ITC’s Petition comes at a time when Regional Transmission Organizations (RTOs) are initiating their recently approved competitive solicitation processes. Southwest Power Pool (SPP) currently has an open bidding window for its first competitive project. The Midcontinent Independent System Operator (MISO) is expected to launch its competitive process prior to year end. Both SPP and MISO require 40-year, annual revenue requirement (project costs plus return) estimates. Based on experience in other regions, it is likely developers will seek to submit binding bids for these revenue requirements as well. Full revenue requirement bids raise questions as to how a regulated cost-of-service methodology works in a competitive environment. This question has not been addressed to date, because CAISO and PJM, the only other regions that have conducted competitive processes to award new transmission projects, only require that developers bid on project costs, not full revenue requirements.

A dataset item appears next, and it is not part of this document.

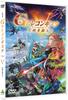 Filmas versija G līnijā "Reconguista V" "Aiz nāves" [DVD]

“As Order 1000 is being implemented, cost containment measures, including binding bids, are becoming commonplace, which shifts more risk to transmission developers,” said Daniel Oginsky, executive vice president of U.S. Regulated Grid Development for ITC. “To have veracity in the competitive process, cost containment mechanisms make sense, but it is also necessary for FERC to address this untenable ‘head’s I win; tails you lose’ situation for developers,” said Oginsky.
Any costs incurred by the winning bidder in excess of a binding bid, regardless of prudence or benefit to ratepayers, will not be recoverable. To be fair then, cost savings achieved below the binding bid level should benefit the developer who achieved those savings. However, developers would be exposed to Federal Power Act Section 206 complaints seeking to lower rates. Thus, a developer is faced with receiving the lower of cost or bid, a situation that is unfair and will not for long support genuine competition in transmission development.
The Petition proposes the Commission grant Mobile-Sierra protection for a winning binding bid, at FERC’s discretion, upon approval of an implementing FPA Section 205 rate filing. Such a result would be consistent with the United States Supreme Court’s Mobile-Sierra cases, which protect agreements freely entered into and has been extended to rates and rate elements developed through competitive market processes, including rates established through capacity auctions.
“It is illogical to require developers to offer 40-year bids with rate components that could be changed through future regulatory proceedings. We do not need a lengthy, costly and complex new competitive process to regulate transmission rates. The goal should be that competition will result in disciplined rates and drive innovation,” Oginsky said.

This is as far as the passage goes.